» **Directions**
Lines before the one containing "Three Bedroom Luxury" are to be skipped; reproduce that line and the rest of the records below exactly.

Excerpts from a dataset:
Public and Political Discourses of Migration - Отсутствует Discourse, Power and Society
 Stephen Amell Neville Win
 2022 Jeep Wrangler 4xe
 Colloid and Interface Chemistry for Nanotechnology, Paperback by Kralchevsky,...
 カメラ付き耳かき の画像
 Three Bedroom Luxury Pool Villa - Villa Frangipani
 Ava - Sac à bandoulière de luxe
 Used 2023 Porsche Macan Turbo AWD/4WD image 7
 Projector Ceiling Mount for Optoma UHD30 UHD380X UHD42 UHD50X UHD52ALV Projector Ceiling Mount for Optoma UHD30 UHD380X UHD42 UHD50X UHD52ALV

» **Exercise answer**
 Three Bedroom Luxury Pool Villa - Villa Frangipani
 Ava - Sac à bandoulière de luxe
 Used 2023 Porsche Macan Turbo AWD/4WD image 7
 Projector Ceiling Mount for Optoma UHD30 UHD380X UHD42 UHD50X UHD52ALV Projector Ceiling Mount for Optoma UHD30 UHD380X UHD42 UHD50X UHD52ALV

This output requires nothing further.